## Assigned task:
Please reproduce all the data exactly as written and omit the pictures.

## Supplied information:
▼

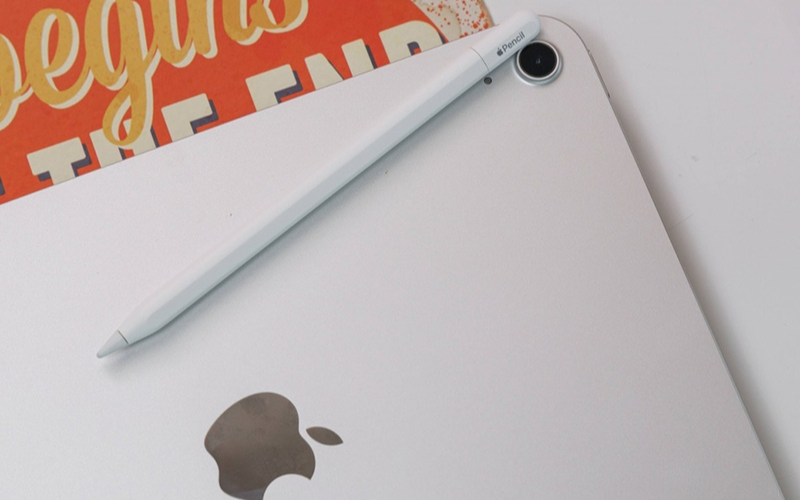 Có thể sử dụng bút S-pen 10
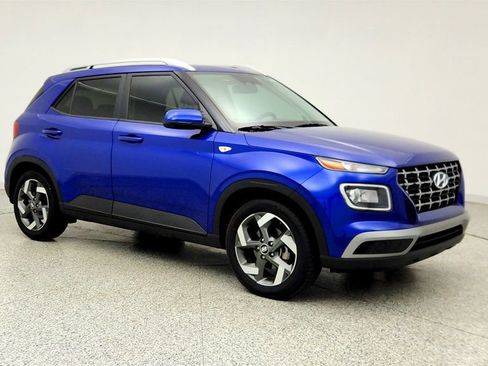 Used 2023 Hyundai Venue SEL FWD image 3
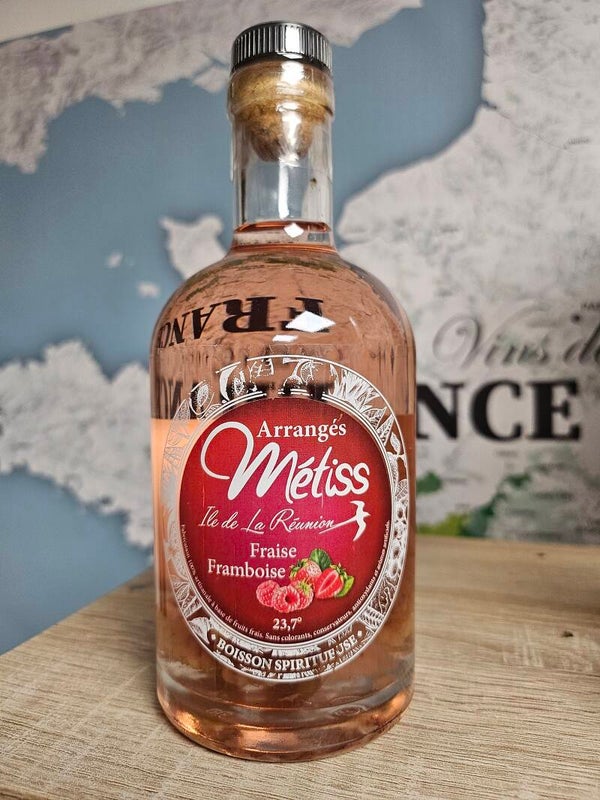 Rhum arrangé Fraise Framboise, Rhum MÉTISS ILE DE LA REUNION, 35cl 23 7% vol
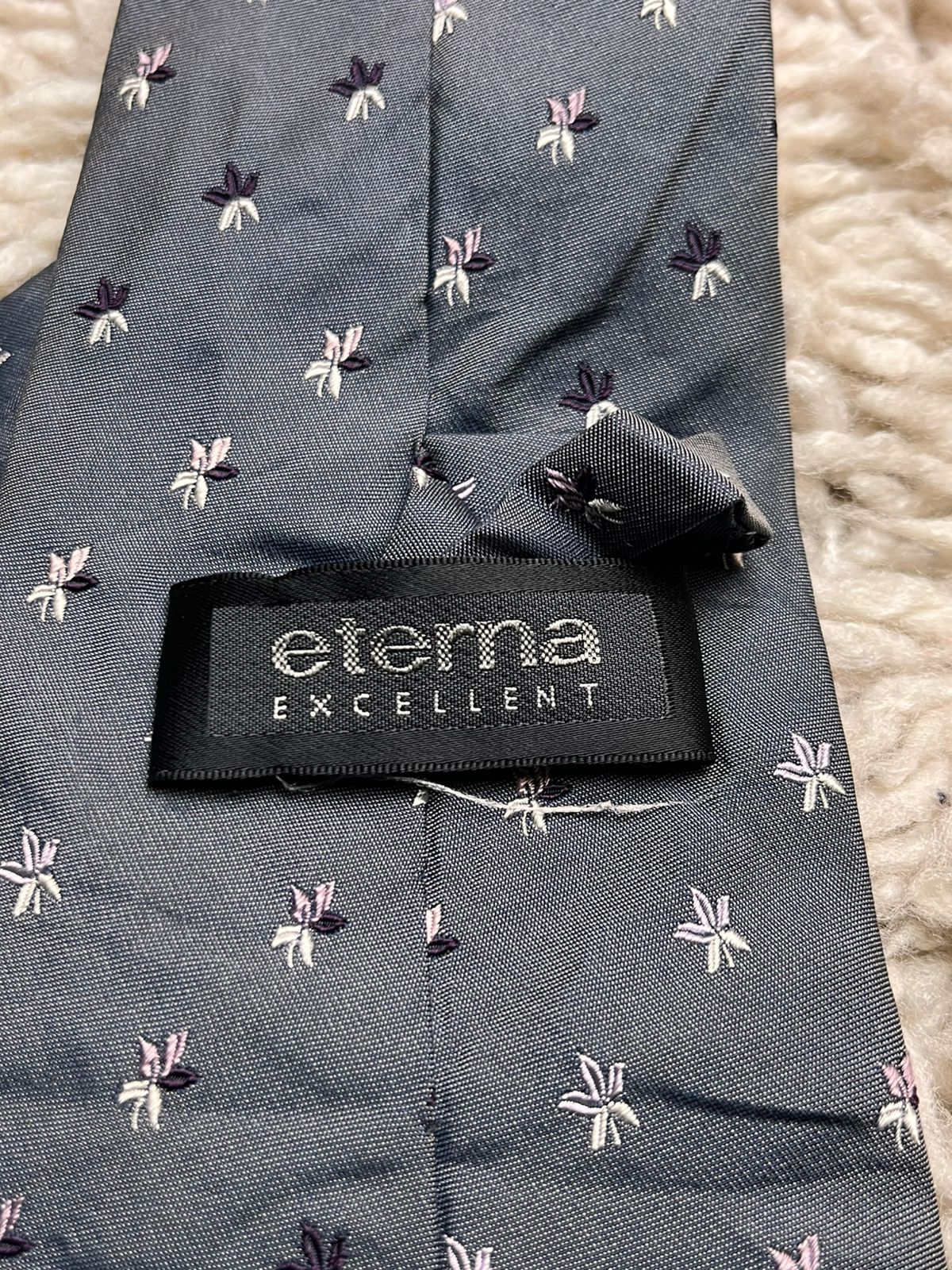 Eterna Excellent Dark Gray Silk Embroidered Floral Star Pattern Tie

▲

## Exercise result:
 Có thể sử dụng bút S-pen 10
 Used 2023 Hyundai Venue SEL FWD image 3
 Rhum arrangé Fraise Framboise, Rhum MÉTISS ILE DE LA REUNION, 35cl 23 7% vol
 Eterna Excellent Dark Gray Silk Embroidered Floral Star Pattern Tie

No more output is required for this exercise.